At the most basic level Elastics and Secondary training are obviously connected: the skills which influence others through elastics are also trained by those skills as secondary training. Therefore you have a trade-off, do you train JS and get HA/DR as secondary training (and boost HA/DR elastic) or train HA/DR and JS as secondary (and boost JS elastic)?

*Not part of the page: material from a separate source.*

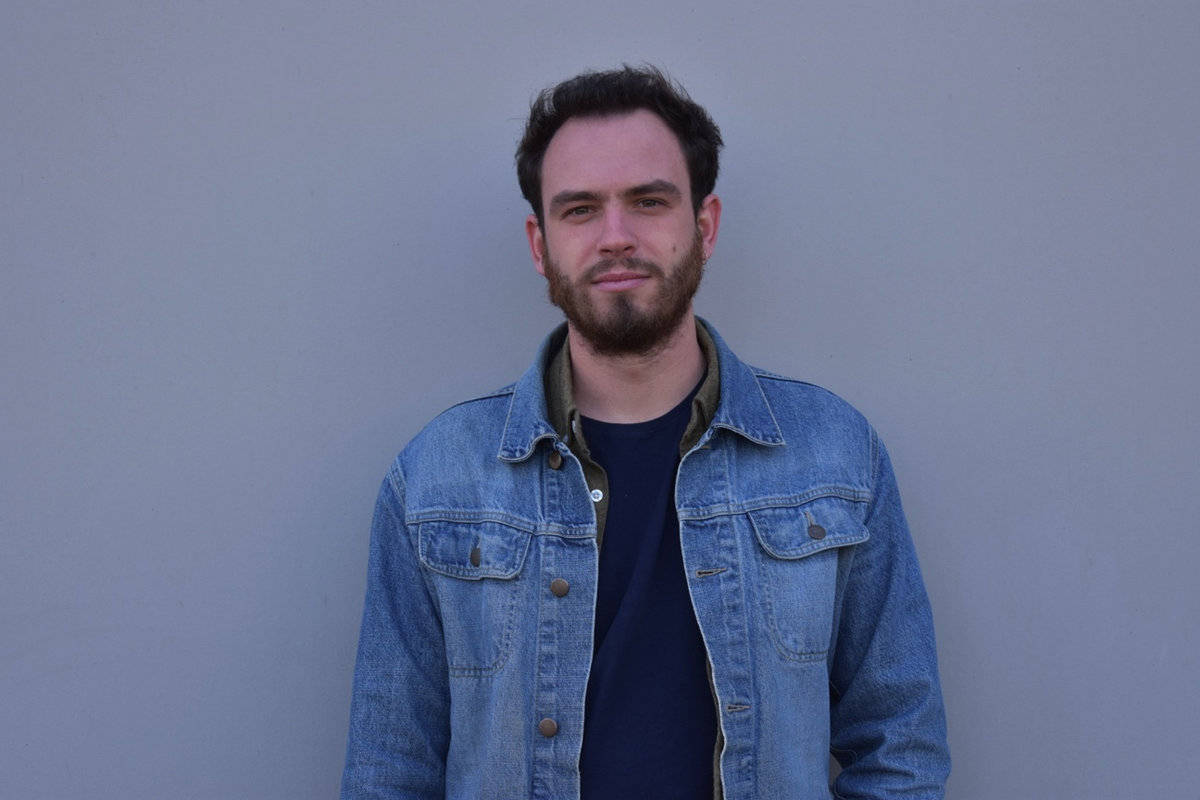 FLATLANDS Angus Mason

You do the second because the overall training is faster AND because HA/DR are connected to more skills (elastic/secondary training) than any other skill.

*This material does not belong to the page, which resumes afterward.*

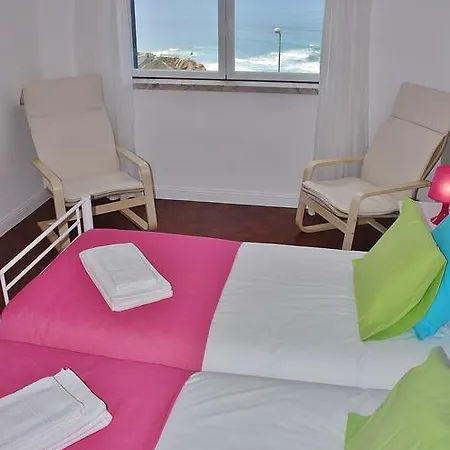 Sea U Soon Auberge de jeunesse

The answer is: forgetting about training targets, it's best to train the skills which train faster or that set up the elastic effect for other skills.

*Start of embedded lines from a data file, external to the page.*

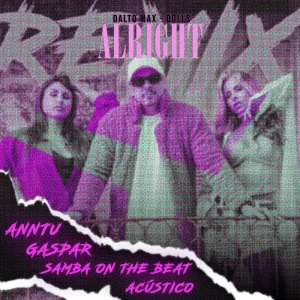 Alrigth (Funk Remix)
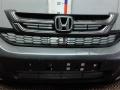 бампер передний Honda CR-V 3 поколение [рестайлинг] 2010, 2.2 л., дизель, АКПП, внедорожник 5 дв. - фото №3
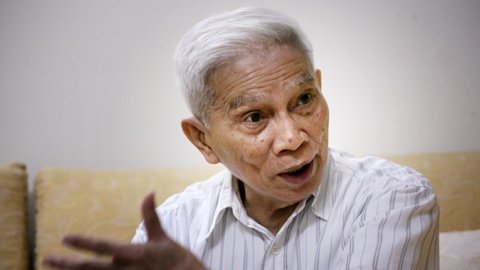"Chăm học có phải đã hay?'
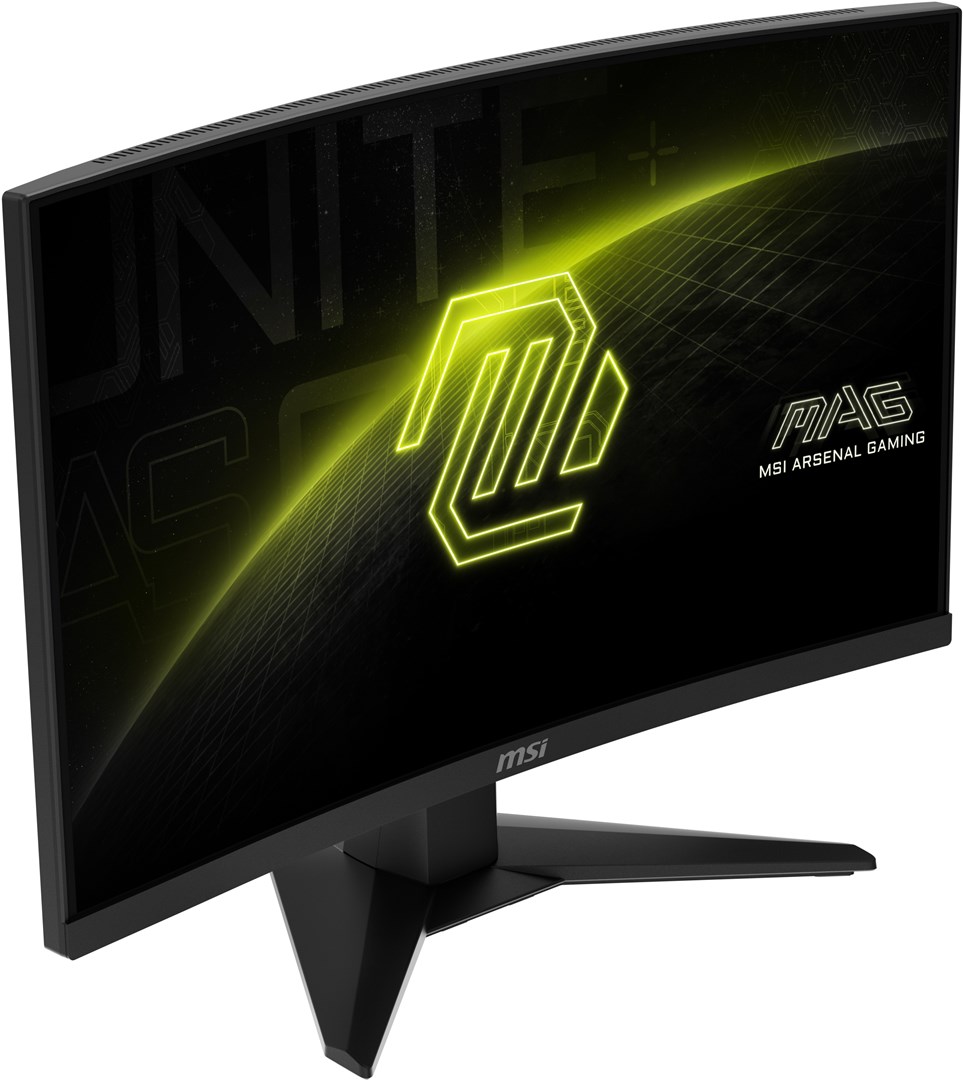 Monitor MSI MAG 244C , 23.6", Full HD, 180Hz, i zi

Now the situation for inside skills is as follows:
Main training // Secondary training // Elastic boost from // Elastic boost to (from primary training)
IS // ID (10%) + JS (20%) // ID+JS // ID + RB
ID // SB (20%) + IS (10%) // SB+IS // IS+RB+SB (full) + OD (60%)
SB // ID (40%) + RB (20%) // ID+RB // ID+RB
RB // ID (10%) + IS (10%) // ID+IS // SB

So in practice:
a) SB baseline is faster than any other inside training by quite some margin and RB is the slowest (all of this is due to secondary training being lower)
b) only a very high positive gap in IS (IS-ID) and/or high negative gap in SB (ID-SB) will change this due to the elastics on ID, making ID faster than SB. Without no gap in SB, you'd need like +12 IS over ID for ID to train faster than SB
c) in terms of the elastic effect on other skills both ID and SB boost the other 2 you want to train
d) my advice would be to train faster towards the skills that matter to your goal. In your example it's ID/RB/SB. SB trains both RB and ID why would you train ID first? It has a little elastic boost from IS, but not enough AND it trains IS as secondary instead of RB which matters to you.

Bottom line, train SB first as a priority over ID and ID over RB. If you don't care about training any more of IS then you'd have to remove that from the secondary training equation and it would make SB even better to train first. All of this up to the point where elastics affect skills enough to change the fastest training skill. At that time, in terms of pure overall speed it does not matter anymore, they become almost identical and you may as well rotate between different skills.


Edited: changed a mistake in the table and made it more comprehensive.